Compute how many lines in the entries below include the string "with". Only the number is wanted.

RECORDS TO PROCESS:
===

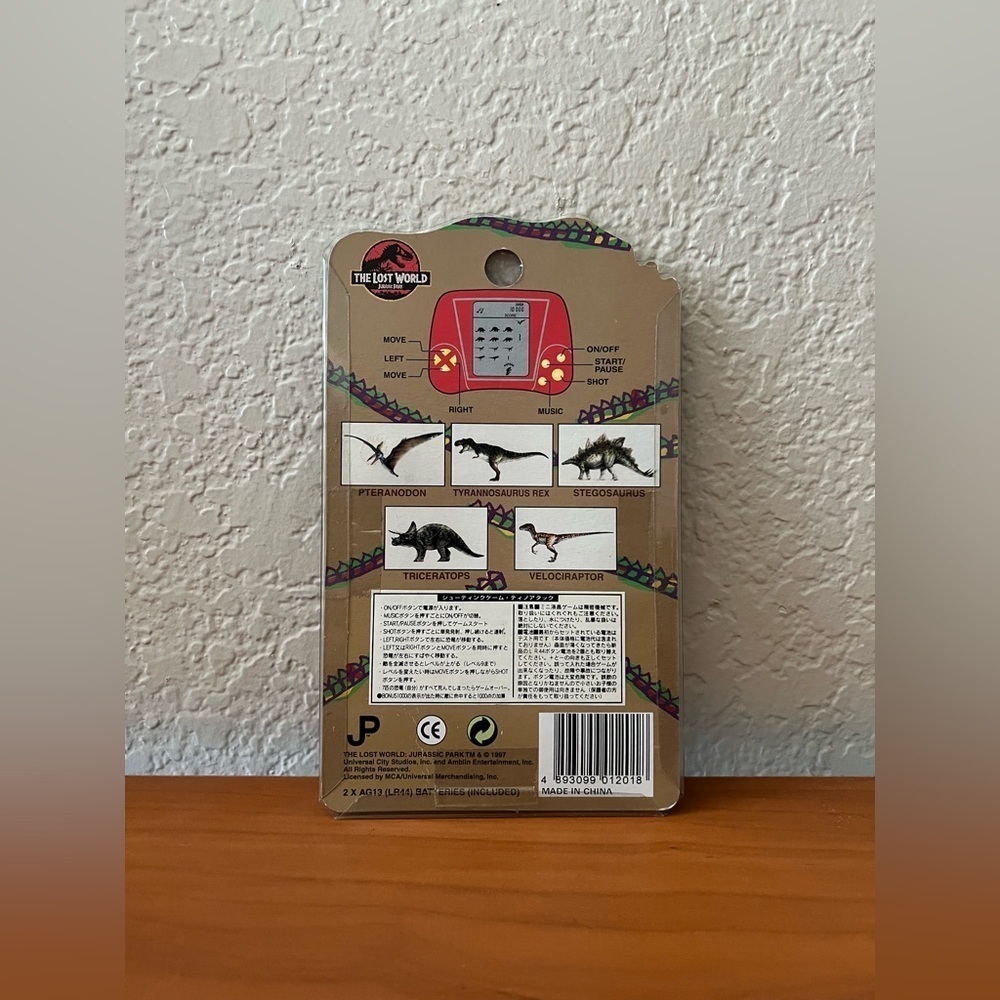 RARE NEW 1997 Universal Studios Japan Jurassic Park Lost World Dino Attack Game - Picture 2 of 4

===

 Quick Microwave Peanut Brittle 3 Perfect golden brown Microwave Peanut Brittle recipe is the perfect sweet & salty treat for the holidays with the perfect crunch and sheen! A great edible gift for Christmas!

===

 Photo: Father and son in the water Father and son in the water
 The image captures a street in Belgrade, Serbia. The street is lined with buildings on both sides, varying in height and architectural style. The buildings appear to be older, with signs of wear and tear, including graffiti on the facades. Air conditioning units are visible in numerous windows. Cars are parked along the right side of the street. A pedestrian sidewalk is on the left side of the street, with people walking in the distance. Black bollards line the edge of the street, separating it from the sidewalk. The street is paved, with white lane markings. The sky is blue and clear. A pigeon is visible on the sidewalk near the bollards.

===

OUTPUT FOR THIS TASK:
2